DevOps: State of the Nation

This is a guest post by Chris Read (@cread)

DevOps is gaining credibility. Industry analysts such as Gartner are talking about it, the big IT vendors are already trying to sell DevOps “solutions.” At its heart it is the integration of Agile principles into Operations practices. With its roots in dysfunctional Enterprises, it has enabled the rise of the Cloud and Web 2.0 giants. As DevOps matures it will help all those in the industry focus on their core business. It will continue to drive the realization of utility computing.

It’s been about a year since we had the first DevOpsDays conference in Belgium. A lot has changed in the past year, especially where DevOps is concerned, so I thought I’d take a moment to reflect on how we got here, where we are, and where I see us going.

How We Got Here

Many people have been pointing to Web 2.0 and Cloud Computing as the roots of DevOps but the culture and philosophy itself has roots that go a lot further back. Gartner even title their report “DevOps: Born in the Cloud and Coming to the Enterprise.” Having a DevOps culture has certainly helped the top web and cloud companies achieve what they have, but it didn’t start there.

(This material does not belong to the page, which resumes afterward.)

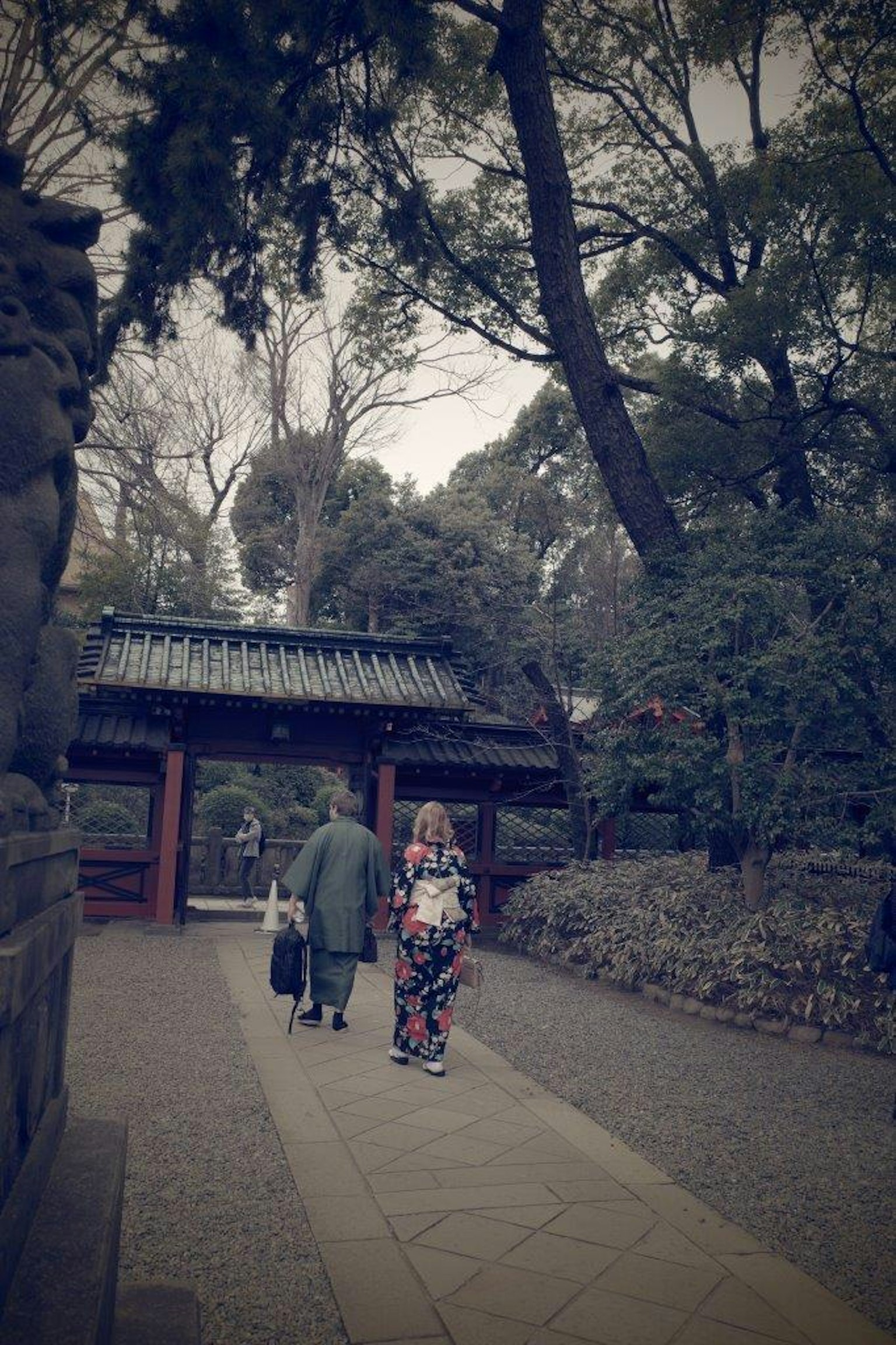 Scène de personnes marchant avec une femme en kimono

It all began in the heady days of the mid ’90s. I was working in my first of several dot-com startups where I would find myself writing code in addition to looking after the infrastructure of the company we were trying to create. In these places there were plenty of people who had some form of the word “developer” in their job title, but none with the word “operations”. There were no full time System Administrators so I would often end up doing Sys Admin type jobs myself. I was not alone – other developers I worked with also thought our success depended on understanding the lower-level technologies we were building upon. We were also keen to learn as much as possible about the ecosystems our creations had to live in: people were interested in learning more, and people were interested in teaching what they knew.

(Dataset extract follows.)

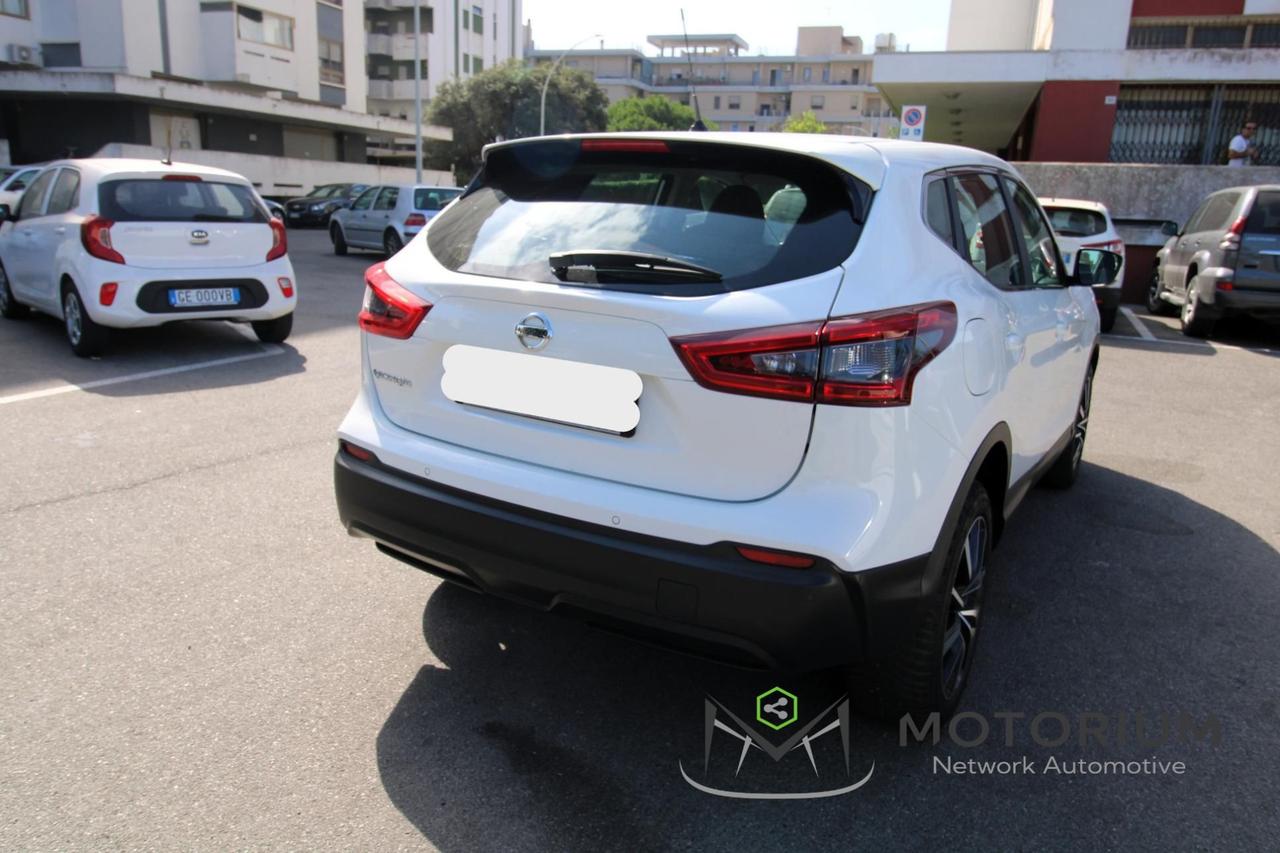 Nissan Qashqai 1.5 dci Visia 115cv dct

It was only when I ventured away from the world of startups and first tried my hand as a consultant with IBM that I encountered the world of organizational silos. As much as I enjoyed the people I got to work with, it still made no sense to me that if, for example I needed a file restored from tape I had to raise a ticket for the team that sat behind me to do the work when I technically had all the access and skills required to do the job. I also discovered an attitude of “I’m only working in the computer industry because there’s money in computers”. This attitude was an alien concept to me! Ever since I wrote my first BASIC program or dismantled a radio to see how it worked, I’ve dreamed code and circuits. How could people get up in the morning and do a job they were not passionate about?

Over the years I found I was alternating between being a Developer and being a Sys Admin because nowhere could I find a job being both, and I didn’t want to give either up. I’d still find time to talk to those “on the other side,” but I’d have very little influence. I had resigned myself to the idea that I’d spend the rest of my career spending a few years at a time in each role and then switching.

In the meantime, some development folks had been looking at software development as an area where they could provide significant improvement to throughput. Their Agile and Extreme Programming ideas focused on improving communication and feedback between “The Business” and “The Developers” at the front line of getting these ideas implemented – so much so that developers were becoming perceived as part of the business. The focus on fast feedback and closer cooperation between stake holders resulted in better-quality software being produced faster and more reliably.

Traditionally, IT projects have been viewed as big, scary beasts. For years, most organisations found that the journey that started with a business unit having an idea and ended with a deployed software solution to implement that idea was long, risky and painful, and fraught with dangers. From a business perspective, the IT organisation as a whole was the limiting factor, but they accepted this as simply “the way things are.” The Agile folks had managed to alleviate the first part of the problem – writing software based on feedback from the Business – and had exposed the next one, namely getting the software into production.

Dan North, a developer at ThoughtWorks, had experienced this bottleneck time and again on different projects. He was convinced the solution lay in finding people with skills that spanned the development and operations worlds, and managed to convince ThoughtWorks to hire a couple of people who understood both sides of the divide to help the development teams improve their deployment process. Julian Simpson (aka “The Build Doctor“) and myself were the first of these hires, followed not long after by Jez Humble (co-author of Continuous Delivery). Finally I’d found a company where I could be both a Developer and a Sys Admin at the same time. Awesome! The year was 2005, and at the time most people were still trying to get their heads around unit testing and continuous integration.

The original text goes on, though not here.